Your instructions> Write out the lines below once more, exactly as they appear. Do not include pictures.

Data shown>
......

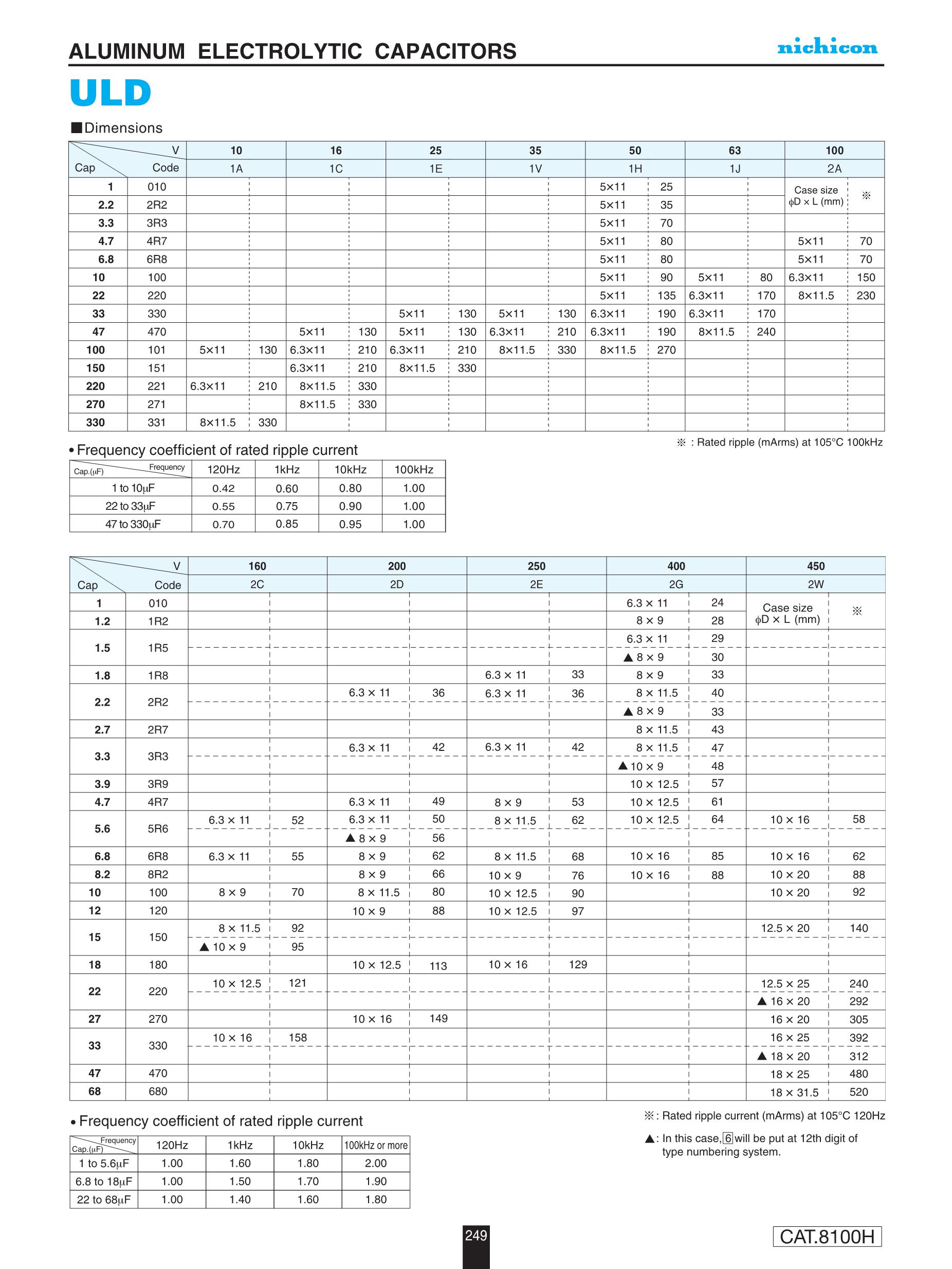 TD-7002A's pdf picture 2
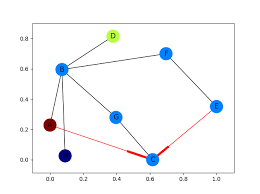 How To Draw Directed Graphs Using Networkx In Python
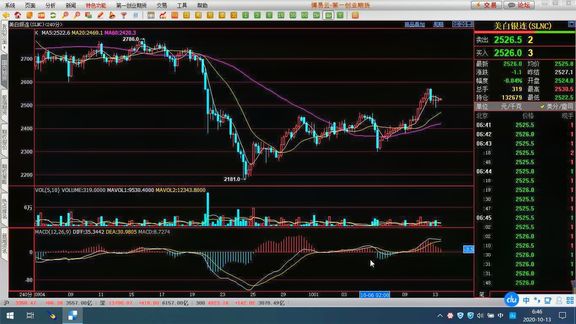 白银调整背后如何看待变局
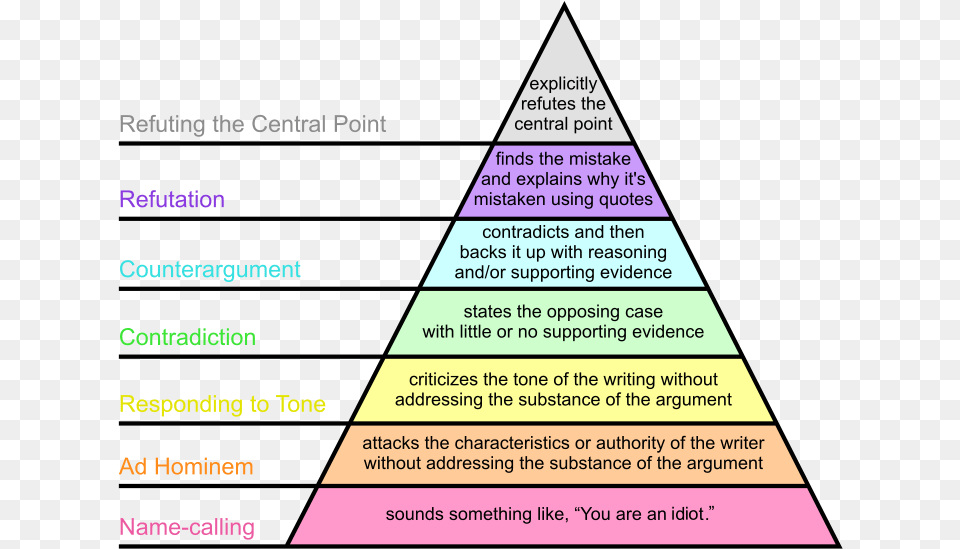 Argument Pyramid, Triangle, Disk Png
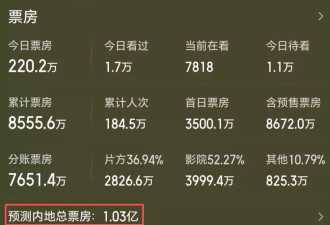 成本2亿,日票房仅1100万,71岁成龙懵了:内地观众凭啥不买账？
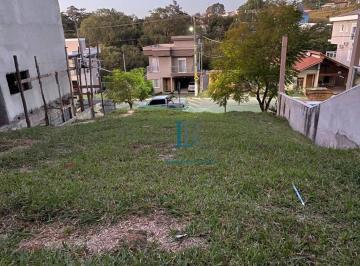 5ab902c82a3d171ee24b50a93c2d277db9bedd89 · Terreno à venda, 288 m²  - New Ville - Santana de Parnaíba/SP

......

Reply>
 TD-7002A's pdf picture 2
 How To Draw Directed Graphs Using Networkx In Python
 白银调整背后如何看待变局
 Argument Pyramid, Triangle, Disk Png
 成本2亿,日票房仅1100万,71岁成龙懵了:内地观众凭啥不买账？
 5ab902c82a3d171ee24b50a93c2d277db9bedd89 · Terreno à venda, 288 m²  - New Ville - Santana de Parnaíba/SP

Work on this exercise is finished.